Written by: Stephen Hsu
Primary Source: Information Processing, 8/28/18.
The link below is to the published version of the paper we posted on biorxiv in late 2017 (see blog discussion). Our results have since been replicated by several groups in academia and in Silicon Valley.
Biorxiv article metrics: abstract views 31k, paper downloads 6k. Not bad! Perhaps that means the community understands now that genomic prediction of complex traits is a reality, given enough data.

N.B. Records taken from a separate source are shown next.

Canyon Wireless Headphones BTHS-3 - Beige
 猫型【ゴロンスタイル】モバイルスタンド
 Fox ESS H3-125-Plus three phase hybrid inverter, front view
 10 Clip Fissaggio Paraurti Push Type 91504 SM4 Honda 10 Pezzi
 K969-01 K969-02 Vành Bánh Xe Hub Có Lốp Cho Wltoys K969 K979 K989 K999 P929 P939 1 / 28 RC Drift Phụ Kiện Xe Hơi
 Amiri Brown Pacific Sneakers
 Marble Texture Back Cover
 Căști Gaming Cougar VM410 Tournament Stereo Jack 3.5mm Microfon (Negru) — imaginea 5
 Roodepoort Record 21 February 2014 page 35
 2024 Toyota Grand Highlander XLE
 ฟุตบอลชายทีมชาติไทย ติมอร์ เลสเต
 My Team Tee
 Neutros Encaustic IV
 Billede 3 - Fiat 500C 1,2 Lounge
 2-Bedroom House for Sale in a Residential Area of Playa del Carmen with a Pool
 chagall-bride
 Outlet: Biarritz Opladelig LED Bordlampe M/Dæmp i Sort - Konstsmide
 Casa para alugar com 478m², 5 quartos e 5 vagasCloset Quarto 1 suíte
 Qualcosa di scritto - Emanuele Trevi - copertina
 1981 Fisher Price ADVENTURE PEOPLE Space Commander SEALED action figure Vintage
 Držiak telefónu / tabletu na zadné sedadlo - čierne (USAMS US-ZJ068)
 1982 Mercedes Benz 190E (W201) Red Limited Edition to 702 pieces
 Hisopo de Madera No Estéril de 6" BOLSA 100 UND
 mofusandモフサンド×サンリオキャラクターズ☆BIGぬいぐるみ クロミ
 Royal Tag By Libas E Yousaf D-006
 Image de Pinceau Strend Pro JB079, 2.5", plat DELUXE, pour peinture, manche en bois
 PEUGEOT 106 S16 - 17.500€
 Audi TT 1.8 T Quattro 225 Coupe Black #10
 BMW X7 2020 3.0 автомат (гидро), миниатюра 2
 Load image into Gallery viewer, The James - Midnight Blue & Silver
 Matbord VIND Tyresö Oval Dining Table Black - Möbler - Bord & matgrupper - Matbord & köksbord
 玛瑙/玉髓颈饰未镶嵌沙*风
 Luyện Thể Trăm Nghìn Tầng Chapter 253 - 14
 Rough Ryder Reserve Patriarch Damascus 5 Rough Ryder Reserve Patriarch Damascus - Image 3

Had we taken a poll on the eve of releasing our biorxiv article, I suspect 90+ percent of genomics researchers would have said that ~1 inch accuracy in predicted human height from genotype alone was impossible.
Since our article appeared, interesting results for complex phenotypes such as educational attainment, heart disease, diabetes, and other disease risks have been obtained.
Louis Lello, Steven G. Avery, Laurent Tellier, Ana I. Vazquez, Gustavo de los Campos and Stephen D. H. Hsu
GENETICS Early online August 27, 2018; https://doi.org/10.1534/genetics.118.301267
We construct genomic predictors for heritable but extremely complex human quantitative traits (height, heel bone density, and educational attainment) using modern methods in high dimensional statistics (i.e., machine learning). The constructed predictors explain, respectively, ∼40, 20, and 9 percent of total variance for the three traits, in data not used for training. For example, predicted heights correlate ∼0.65 with actual height; actual heights of most individuals in validation samples are within a few cm of the prediction. The proportion of variance explained for height is comparable to the estimated common SNP heritability from Genome-Wide Complex Trait Analysis (GCTA), and seems to be close to its asymptotic value (i.e., as sample size goes to infinity), suggesting that we have captured most of the heritability for SNPs. Thus, our results close the gap between prediction R-squared and common SNP heritability. The ∼20k activated SNPs in our height predictor reveal the genetic architecture of human height, at least for common variants. Our primary dataset is the UK Biobank cohort, comprised of almost 500k individual genotypes with multiple phenotypes. We also use other datasets and SNPs found in earlier Genome-Wide Association Studies (GWAS) for out-of-sample validation of our results.
The published version of the paper contains several new analyses in response to reviewer comments.
We added detailed comparisons between the top SNPs activated in our predictor and earlier GIANT GWAS hits. We analyze the correlation structure of L1-activated SNPs — the algorithm (as expected) automatically selects variants which are mostly decorrelated (statistically independent) from each other.
We compare our L1 method to simpler algorithms, such as windowing: choose a genomic window size (e.g., 200k bp) and use only the SNP in each window which accounts for the most variance. This does not work as well as L1 optimization, but can produce a respectable predictor.
We investigate the correlation structure of height-associated SNPs: to what extent can the best linear combination of GIANT GWAS-significant SNPs predict the state of one of the predictor SNPs? This raises the interesting question: how much total information (entropy) is in the human genome?